WASHINGTON: US President Barack Obama, who completes his second and final term this year, acknowledges that he failed in persuading Muslims to examine the roots of their grievances.
In a long interview to the Atlantic magazine, published in its April issue, Mr Obama also emphasises the need for a modernist reform within Islam, which, he believes, would better equip Muslims for dealing with the problems they face now.
He said that in his “new beginning” speech in Egypt on June 4, 2009, he had shared a message of peace and hope with the Muslim masses.
“I was hoping that my speech could trigger a discussion, could create space for Muslims to address the real problems they are confronting — problems of governance,” he said.
He noted that ‘some currents” of Islam had not gone through a reformation that would help people adapt their religious doctrines to modernity.
“My thought was, I would communicate that the US is not standing in the way of this progress, that we would help, in whatever way possible, to advance the goals of a practical, successful Arab agenda that provided a better life for ordinary people,” he said.
Some analysts argue that Mr Obama’s Cairo speech did contribute to the Arab spring that toppled several totalitarian regimes in the region. But critics say that Mr Obama’s approach was ineffective and he did not understand the threat that some radical Muslim groups posed.
In his interview to the Atlantic, he said he had been urging Muslim leaders to do more to eliminate the threat of violent ‘fundamentalism’.

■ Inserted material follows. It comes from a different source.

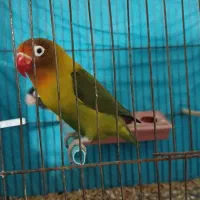 طوطی برزیلی نر اماده الیام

“It is very clear what I mean,” he said, “which is that there is a violent, radical, fanatical, nihilistic interpretation of Islam by a faction—a tiny faction — within the Muslim community that is our enemy, and that has to be defeated.”

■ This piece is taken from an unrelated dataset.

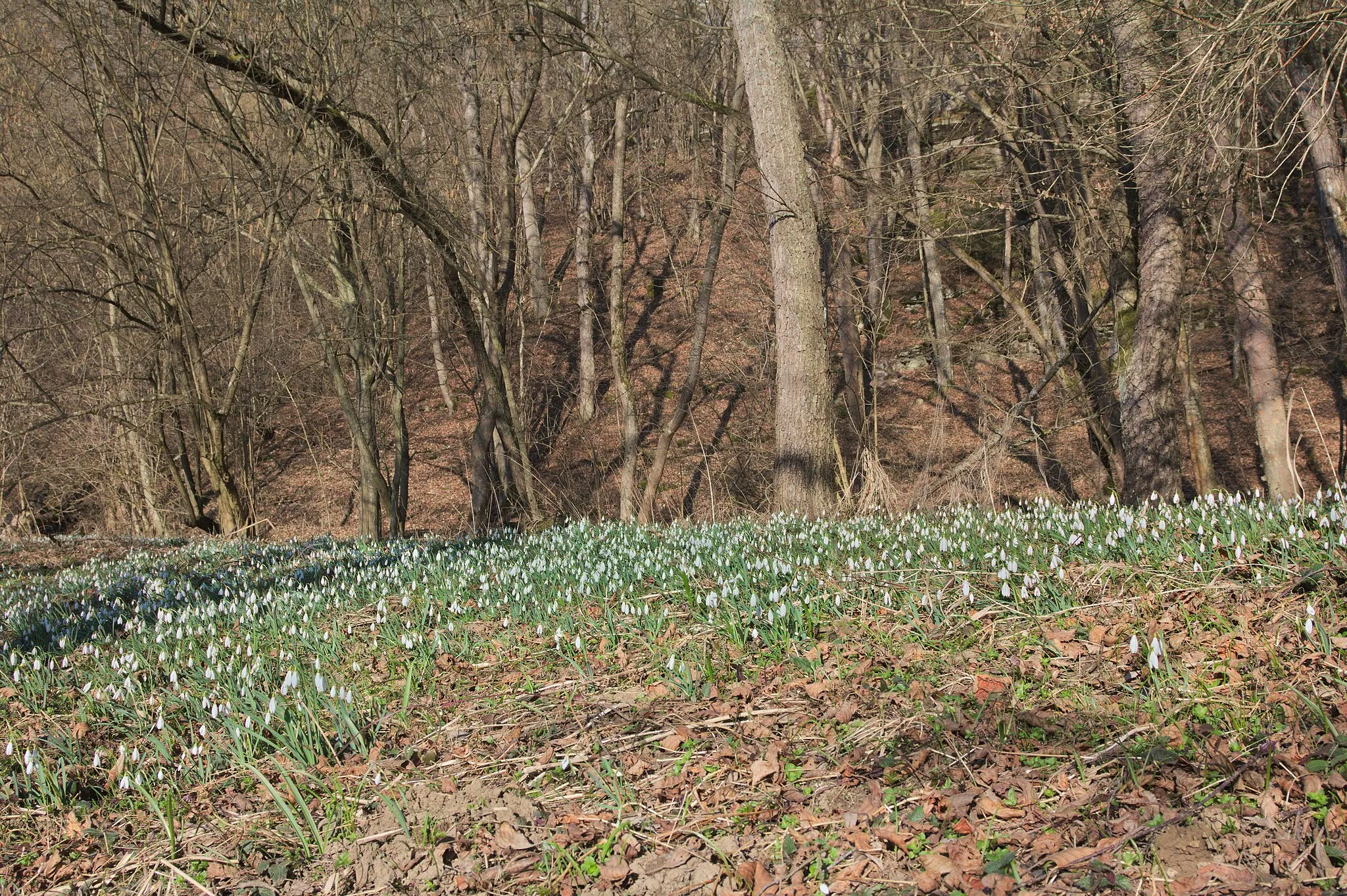 Photo showing: Bílý kříž (přírodní rezervace) - Galanthus nivalis L., sněženka podsněžník - status ohrožení v ČR: C3 (ohrožený)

Mr Obama said that there was also the need for Islam “as a whole to challenge that interpretation of Islam, to isolate it, and to undergo a vigorous discussion within their community about how Islam works as part of a peaceful, modern society”.
But this response to radical interpretations of Islam should come from within, as it cannot be enforced by outside powers.
“I do not persuade peaceful, tolerant Muslims to engage in that debate if I’m not sensitive to their concern that they are being tagged with a broad brush,” he said.
Mr Obama also believes that the intensified Muslim fury of recent years was encouraged by countries considered friends of the US, says the interviewer, Jeffrey Goldberg.
In a meeting with Malcolm Turnbull, the new prime minister of Australia, Mr Obama described how he had watched Indonesia gradually move from a relaxed, syncretistic Islam to a more fundamentalist, unforgiving interpretation.
When Mr Turnbull asked why this was happening, Mr Obama said the Saudis and other Gulf Arabs had funnelled money, and large numbers of imams and teachers, into the country.
“Aren’t the Saudis your friends?” Mr Turnbull asked. “It’s complicated,” Mr Obama replied.
The interviewer notes that Mr Obama’s patience with Saudi Arabia has always been limited. In his first foreign-policy commentary in 2002, Mr Obama advised the then president Bush to persuade the Saudis and Egyptians to “stop oppressing their own people, and suppressing dissent, and tolerating corruption and inequality”.
“In the White House these days, one occasionally hears Mr Obama’s National Security Council officials pointedly reminding visitors that the large majority of 9/11 hijackers were not Iranian, but Saudi,” Mr Goldberg wrote.
“And Obama himself rails against Saudi Arabia’s state-sanctioned misogyny, arguing in private that ‘a country cannot function in the modern world when it is repressing half of its population,’” he added.
Mr Goldberg said the president told him that the Saudis needed to “share” the Middle East with their Iranian foes.
“(We need to) say to our friends as well as to the Iranians that they need to find an effective way to share the neighbourhood and institute some sort of cold peace,” Mr Obama said.
According to the interviewer, Mr Obama also believed that one of the most destructive forces in the Middle East was tribalism, which reflected in the reversion to sect, creed, clan, and village by the desperate citizens of failing states.